Proclamations of the Red Queen

27th October 2010

Of Cannibals and Conservative Christians

Posted by: Craig Young

What is one to do when one confronts an enclave with values that are radically out of kilter with those of the social mainstream?

Recently, I read Australian anthropologist Paul Raffaele’s Among the Cannibals (2008), which deals with several societies or social enclaves that condone different forms of cannibalism. Irian Jaya’s Kasowari highlands tribal community is especially emphasised, although precolonial Melanesia, Polynesia and Aztec Mesoamerica all come in for critical scrutiny. While India’s Hindu Ayhori sect mix abjection and sanctity in their consumption of corpses and human remains at cremation sites in Benares, the murderous Ugandan Lords Resistance Army force abducted male and female children to undertake cannibalism before pedophile rape and polygamy (for the girls) and soldiery (for the boys).

Among the Kasowari, cannibalism is sanctioned by their insular religious belief system. If misfortune strikes their arboreal communities, malevolent witchcraft is attributed to men attributed as khakua (demonic sorcerors), which designates them as precisely nonhuman and able to be executed and consumed for food on that basis. Kasowari traditions are being eroded, so we may be witnessing the last generations of this way of life. Similar integration has happened to remote Amazonian cannibal indigenous tribal communities, although more violent colonial conquest put paid to the practice of colonialism in Central America, Polynesia and Melanesia.

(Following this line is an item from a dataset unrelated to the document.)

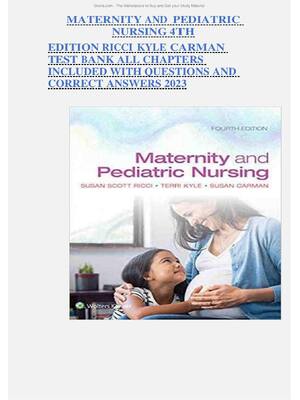 Preview of Test Bank  for Maternity And Pediatric Nursing 4th Edition Ricci Kyle Carman All Chapters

However, I want to closely examine the process of ‘deviant’ attribution, identification and killing of the khakua in Kasowari society, as well as the similar practice of divine human sacrifice in precolonial Aztec Mesoamerica. Granted, cannibalism is morally reprehensible and indefensible, but the reprehensibility lies in the attribution, identification and killing of those labelled deviant and subjected to capital offences or abuse of human rights by irrational, premodern religious and philosophical systems. Like German Catholic or Lutheran anti-Semitism, which legitimised the prelude to the Nazi Holocaust. Or Serbian Orthodoxy’s demonisation of Muslims. Or Iranian Shia Islam and the Bahai. Or, for that matter, Christian Reconstructionist/theonomist sects that preach assassination of abortion providers and drool about the prospects of a theocratic religious dictatorship that executes lesbians and gay men for ’sodomy’, a similar meaningless premodern concoction.

We might well abhor the Kasowari legitimisation of cannibalism. Are we similarly prepared to critically scrutinise the role of irrational deviant attribution that leads to other forms of dehumanisation and death in our own societies?


Paul Raffaele: Among the Cannibals: New York: HarperCollins: 2008.